EXAME DA OAB: bom para quem?

Izabel kirschten

Data: 26/05/2006 13:32

 

Qual o papel da Ordem dos Advogados do Brasil, no exercício da profissão? Seria a OAB uma instituição de ensino, formadora de advogados? Em que a OAB pode e deve ser diferente das demais entidades representativas das categorias profissionais, como o CRM ou o CREA ?

 

Ninguém parece perceber, mas o EXAME DA ORDEM transformou-se numa industria. Indústria que precisa ser combatida, porque não traz benefícios ao país. E diria mais: por que não adotarmos uma sistemática onde o exame de ordem  seja realizado sem nenhum ônus para o bacharel de direito e que sirva apenas para indicar o desempenho individual e da instituição de ensino – a exemplo do que ocorre no “provão”?

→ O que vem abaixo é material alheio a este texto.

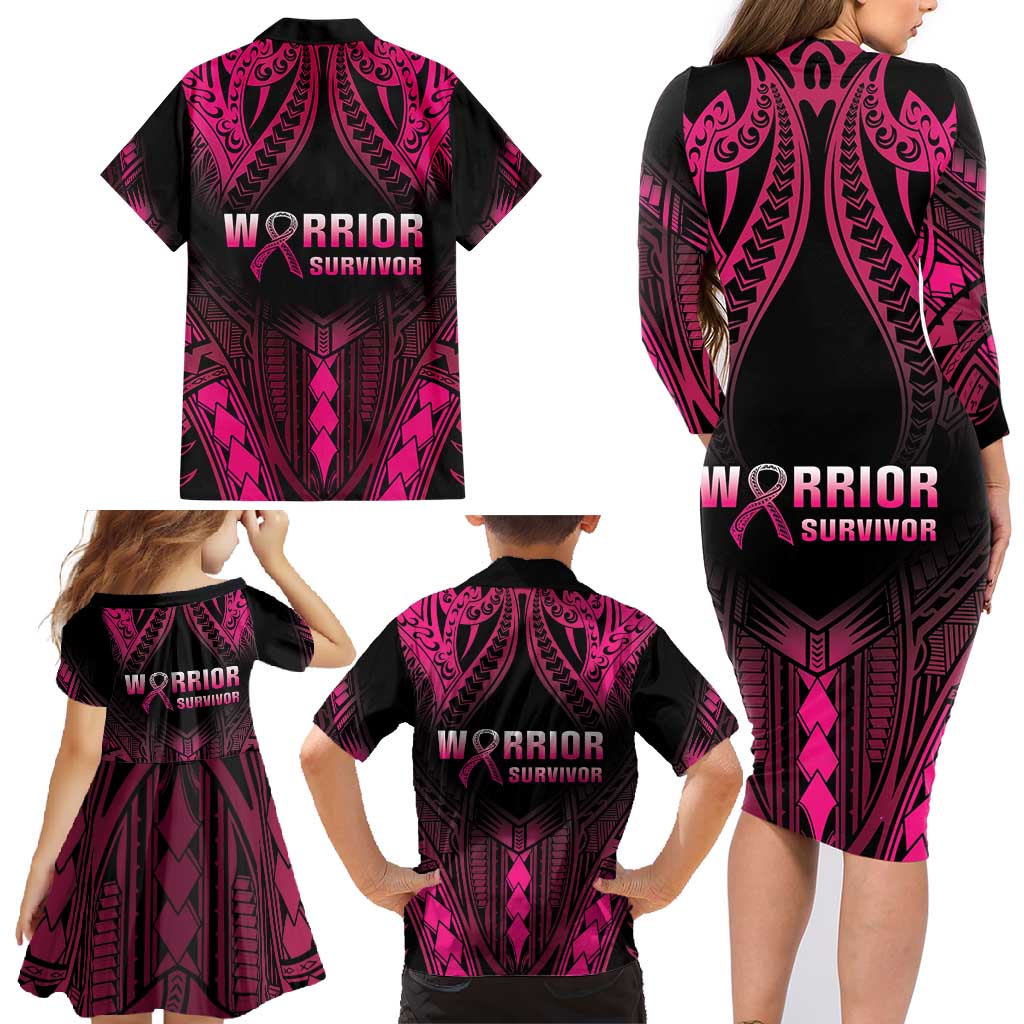 Breast Cancer Pink Out Family Matching Long Sleeve Bodycon Dress and Hawaiian Shirt Polynesian Art Tattoo Black Version LT05 - Polynesian Pride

E que ao invés do “exame”, a OAB pressione as faculdades para que ministrem a matéria que precisa ser ministrada, evitando que no vácuo de tal omissão, surjam os “cursinhos preparatórios para exame de ordem”.

 

E que ao invés do “exame”, a OAB pressione as faculdades para que invistam na qualificação dos professores, na qualidade do ensino e na repressão à prática da “cola” nas provas acadêmicas – tão comum nas faculdades.

 

E depois disso, avaliemos se o exercício da profissão adquiriu qualidade ou se piorou.

 

Não é razoável, justo ou equilibrado que a OAB seja a única instituição representante de categoria profissional a não valorizar o diploma emitido por uma instituição de ensino de nível superior, regularmente e oficialmente reconhecida no país. Não é razoável que o exame da ordem seja colocado num patamar de decisão sacramental acerca do que é ou não é aptidão para o exercício da profissão de advogado, mediante aplicação de um exame que nada avalia e nada mede, senão a probabilidade e a sorte. Com isso, ignora o papel do MERCADO DE TRABALHO, na seleção dos profissionais. O exame de ordem não resolve, por exemplo, a questão da plasticidade moral do advogado, que a tudo transforma em “questão jurídica”, transformando o direito num balcão de negócios.


A OAB precisa preocupar-se com a ética profissional.